Nous trois sommes dans l’attente d’expertises et de décisions judiciaires qui marqueront, pour le bien ou pour le mal, notre futur de prisonniers. Nous aspirons de toutes nos forces à la liberté et à une nuit d’étoiles filantes. Mais nous sommes accrochés à notre fierté inébranlable d’animaux en guerre avec l’existent. Jamais disposés à nous plier ou à implorer pour obtenir de la clémence. Parce que si nous portons quelque chose de gravé dans le sang et dans les larmes, après cette période de séquestration, c’est que nous sommes en train de vivre dans notre propre chair, et dans des conditions infiniment meilleures, ce que des millions d’animaux non-humains vivent à travers ce monde décomposé : une prison à perpétuité, avec, dans la majorité des cas, aussi la peine de mort. C’est pour eux/elles que nous agissons, c’est pour elles/eux que nous supportons ces dures conséquences et c’est pour eux/elle que nous restons plus convaincus que jamais que le chemin à suivre est, sans aucun doute : du feu, du plomb, des explosions et des libérations clandestines.

Et comme pour la libération animale, qui est la base de la pyramide de notre pensée anarchiste et conflictuelle, de même pour toute la société malade qui nous gouverne ; sa police, ses défenseurs et ses faux critiques.

A la veille d’une nouvelle commémoration, douloureuse et enragée, du 29 mars, Jour du jeune combattant. Une date qui rappelle la mort au combat de Rafael et Eduardo Vergara, de 18 et 19 ans. Aux mains de la dictature civile-militaire qui ravageait ces territoires, le 29 mars 1985, le jour où ces faits ont eu lieu. La première chose que nous avons dans notre sang bouillant est le regard indomptable et tanné par la souffrance de Luisa Toledo. Une guerrière exemplaire et la mère des deux jeunes. Une femme courageuse qui a éclairé d’innombrables fois notre chemin, avec sa clarté, son courage et son amour.
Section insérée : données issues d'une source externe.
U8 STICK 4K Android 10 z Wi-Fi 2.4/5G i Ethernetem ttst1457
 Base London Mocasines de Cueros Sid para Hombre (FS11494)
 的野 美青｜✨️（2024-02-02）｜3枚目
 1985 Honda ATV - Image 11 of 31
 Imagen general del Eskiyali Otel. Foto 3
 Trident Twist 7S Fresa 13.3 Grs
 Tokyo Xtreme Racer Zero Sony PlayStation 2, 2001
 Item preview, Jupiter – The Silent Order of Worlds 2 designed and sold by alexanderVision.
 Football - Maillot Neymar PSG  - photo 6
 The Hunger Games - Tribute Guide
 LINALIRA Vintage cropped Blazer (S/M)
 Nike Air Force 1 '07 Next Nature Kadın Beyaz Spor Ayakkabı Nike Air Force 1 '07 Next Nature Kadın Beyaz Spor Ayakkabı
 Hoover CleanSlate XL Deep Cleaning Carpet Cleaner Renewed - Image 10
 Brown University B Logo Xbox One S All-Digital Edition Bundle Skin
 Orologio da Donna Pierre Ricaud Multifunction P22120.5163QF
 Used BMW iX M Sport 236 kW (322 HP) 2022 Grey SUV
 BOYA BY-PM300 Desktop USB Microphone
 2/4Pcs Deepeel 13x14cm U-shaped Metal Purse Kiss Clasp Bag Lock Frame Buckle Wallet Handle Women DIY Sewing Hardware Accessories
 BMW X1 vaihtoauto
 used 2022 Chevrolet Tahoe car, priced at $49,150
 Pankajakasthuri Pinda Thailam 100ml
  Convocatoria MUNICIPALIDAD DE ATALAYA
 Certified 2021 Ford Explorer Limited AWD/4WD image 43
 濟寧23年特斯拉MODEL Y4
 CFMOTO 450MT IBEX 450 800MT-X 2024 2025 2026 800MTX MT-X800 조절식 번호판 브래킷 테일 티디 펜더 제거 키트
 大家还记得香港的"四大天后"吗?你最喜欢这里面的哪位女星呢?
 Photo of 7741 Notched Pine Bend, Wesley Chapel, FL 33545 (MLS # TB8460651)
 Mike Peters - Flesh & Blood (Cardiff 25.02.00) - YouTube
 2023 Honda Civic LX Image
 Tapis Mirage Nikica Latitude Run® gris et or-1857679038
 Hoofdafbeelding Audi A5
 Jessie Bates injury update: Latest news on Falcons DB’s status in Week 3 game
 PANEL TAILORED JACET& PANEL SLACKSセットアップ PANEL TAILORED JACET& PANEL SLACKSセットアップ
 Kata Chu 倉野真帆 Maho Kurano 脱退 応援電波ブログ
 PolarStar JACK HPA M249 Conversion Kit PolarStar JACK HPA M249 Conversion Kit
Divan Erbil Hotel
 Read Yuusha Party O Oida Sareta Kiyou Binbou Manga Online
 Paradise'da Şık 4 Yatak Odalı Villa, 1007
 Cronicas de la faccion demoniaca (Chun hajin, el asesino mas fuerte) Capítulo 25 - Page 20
Lors de cette nouvelle commémorations, nous appelons à sortir dans la rue avec plus de force encore. A ne pas se laisser contaminer par l’esprit vaincu par la société, typique de ses faux critiques, mais à faire irruption dans le contexte endormi avec une belle violence anti-sociale anonyme. Et avec le feu majestueux qui illumine l’obscurité des rues. Afin qu’il n’y ait pas un coin de rue qui n’a pas été pris, un commissariat qui n’a pas été attaqué et une multinational qui n’a pas été pillée. Ceci est notre appel, sans hésitations ni ambiguïtés !

Après un an et cinq mois, nous continuons, plus fermes que jamais. Et pas un seul cheveu de notre essence et de notre caractère n’a bougé. Nous appelons à se souvenir de notre enfermement, par des gestes et des actions. A une solidarité active et directe avec les instances qui sont générées par nos compas dans la rue, pour nous soutenir financièrement dans cette situation, qui, par essence, entraîne aussi nos proches et nos familles.

Liberté pour Lucas, Aldo, Javo, Paty, Syde, Kuyen, Mónica, Pancho, Leftraru, Don Checho, Gerardo Leal et Felipe Rios. Et tou.tes les prisonnier.es qui luttent à travers le globe.

Et sans oublier que le compagnon Sergio Olivares, un exemple de guerre contre le système, purge une condamnation à 15 ans, dans la prison Ex-Penintenciaria. Pour celles/ceux qui veulent contribuer, se solidariser avec sa personne, son histoire, guérillera et respectable, et la revendiquer.

Libération totale, coûte que coûte. Feu à toutes les prisons, avec les matons dedans. Guerre à l’existant !

Prisonniers anarcho-nihilistes, vegan straight edge de l’affaire Susaron.